_TASK TO COMPLETE:_ Give the listing again exactly, omitting its images.

** DATA BELOW follows **

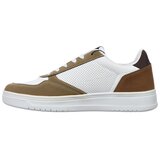 Nautica Competition sarena | shoptok.hr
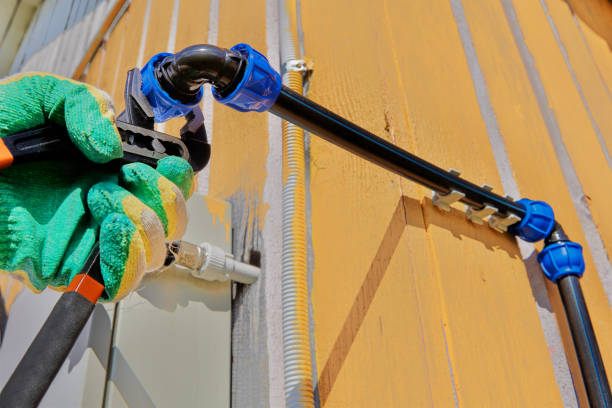 Best Affordable Plumber Near Me  in Boca Raton, FL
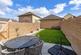 Additional image 12 of Buckland Terrace, Sherfield Park, RG27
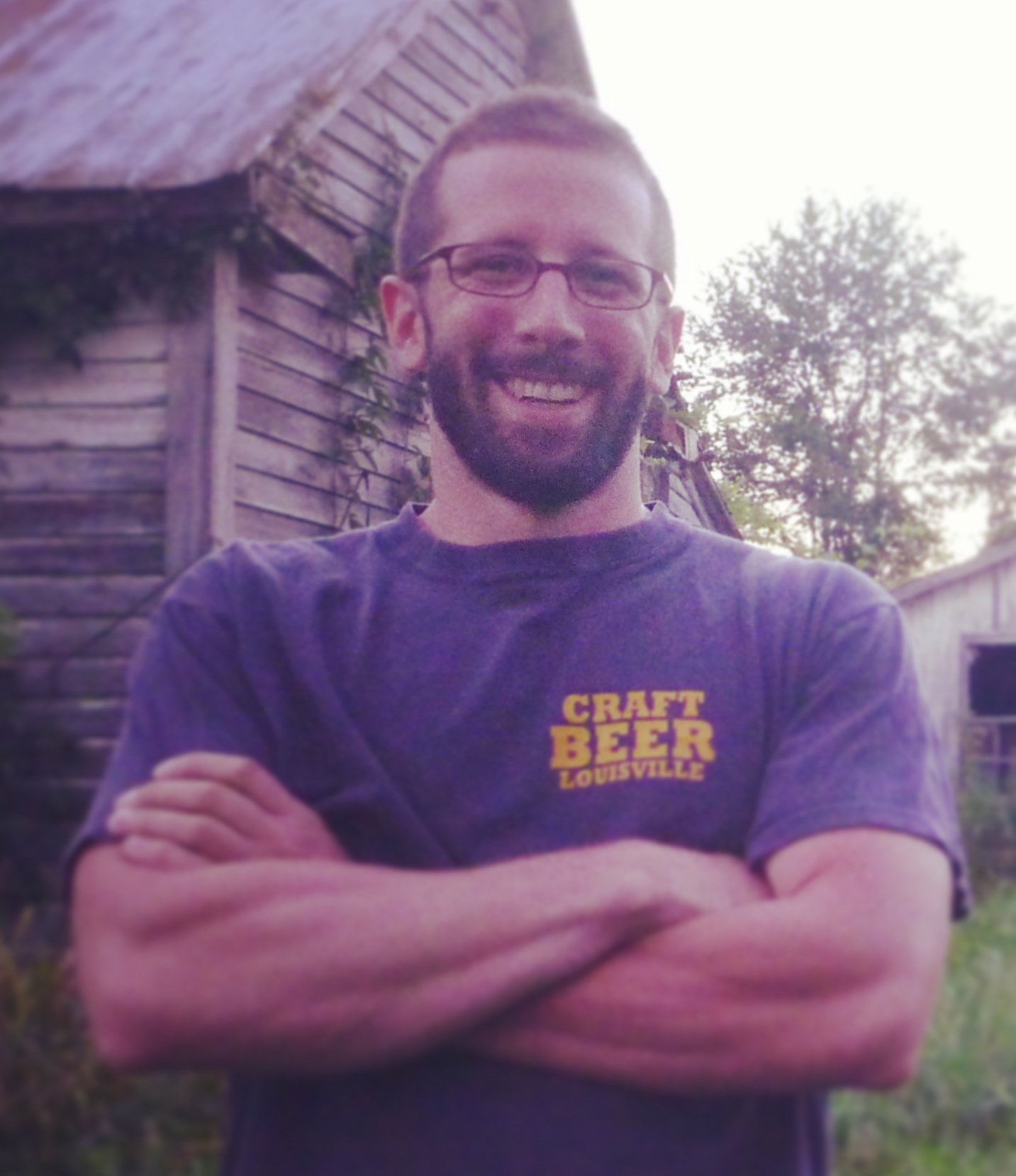 Overshores Brewing Co. Hires New Lead Brewer Brewbound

** End of DATA BELOW **

_RESULT BELOW:_
 Nautica Competition sarena | shoptok.hr
 Best Affordable Plumber Near Me  in Boca Raton, FL
 Additional image 12 of Buckland Terrace, Sherfield Park, RG27
 Overshores Brewing Co. Hires New Lead Brewer Brewbound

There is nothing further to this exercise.